Attraverso un fitto groviglio di storie, Alessio Torino si interroga sul doloroso rapporto con la terra dell’esilio nel porre a confronto le esistenze di chi ha scelto di andarsene e chi di restare. Lo sguardo dell’autore indaga il rapporto con la memoria, il fardello del passato che grava nello scandagliare i reperti di un tempo remoto tra frammenti di verità e favorisce scoperte su quella realtà asfittica che generano una vertigine nel credere di lambire l’abisso.

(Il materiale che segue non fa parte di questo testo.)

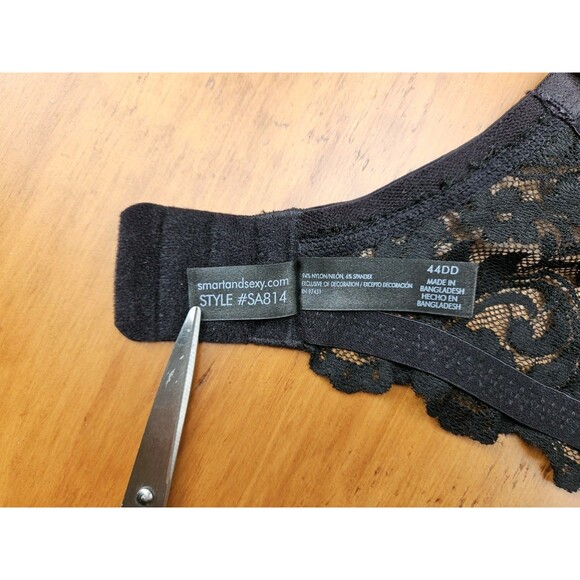 Smart & Sexy 44DD Black Signature Lace Full Coverage Unlined Underwire Bra SA814 - Picture 4 of 5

Le descrizioni iperrealistiche si affiancano a allegorie, stacchi lirici, parentesi oniriche e rimandi al mito. Il costante riferimento alla leggenda di San Giorgio e il drago è emblematico nell’illuminare il dramma della comunità, comprenderne il senso e provare a scorgere un’idea di salvezza.
Lo sviluppo delle vicende nel tempo di un’estate, con un epilogo a trent’anni di distanza funzionale a raccontare i sentimenti del distacco, il dissidio interiore e una possibile via di liberazione da traumi radicati, si traduce anche sul piano formale in un’espressività densa di simbologie e pervasa dalla percezione di una finitezza nervosa, di una caducità resa in una luminosa e al contempo tetra sospensione.

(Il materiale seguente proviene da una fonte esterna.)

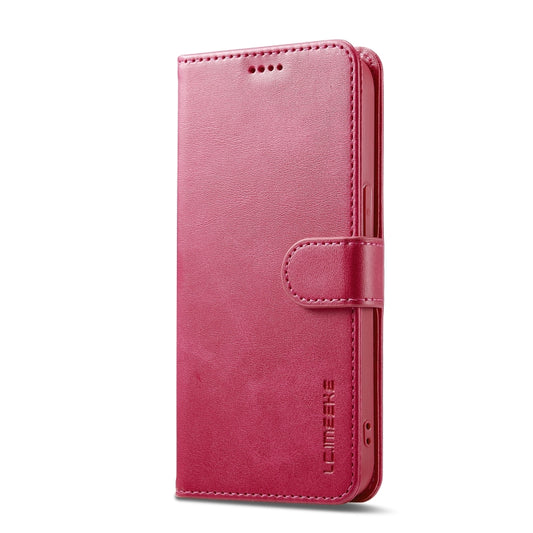 LC.IMEEKE Calf Texture Horizontal Flip Leather Case For iPhone 16e(Red) by LC.IMEEKE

In un luogo segnato irrimediabilmente dalle tensioni del dopoguerra e dall’emigrazione massiccia, dagli abbandoni e dai ritorni fugaci, il ricorso alla memoria pare l’unico attracco certo, in attesa di rivelarsi un abbaglio in grado di accentuare divisioni interne e amplificare lo stigma del diverso e della vittima. Il ruolo assegnato al ricordo assume una valenza decisiva in un’opera che non si riduce alla raffigurazione di una nostalgia indefinita e vuota, ma che elegge nel ricorso alla memoria individuale e collettiva lo strumento per maneggiare l’irrisolto e favorire una tregua tra passato e presente. Con Cuori in piena Alessio Torino compone un elogio del margine che nel muoversi tra la meraviglia e l’orrore lascia interrogativi sull’insensatezza del vivere, sull’abbaglio di ogni euforia, sul furore adolescente e l’annientamento adulto del sogno, sulla possibilità di riappacificarsi con un luogo capace di generare attrazione e repulsione, custode di rivelazioni su un cuore non fortificato, come dice il re di Danimarca a un addolorato Amleto.
“Uno spirito impaziente. Un giudizio assai rudimentale e incolto. Eppure, mi chiedo, provate fino all’ultima tutte le maschere e poi gettatele via perché nessuna combacia, che ruolo ci rimanga se non quello di Amleto”.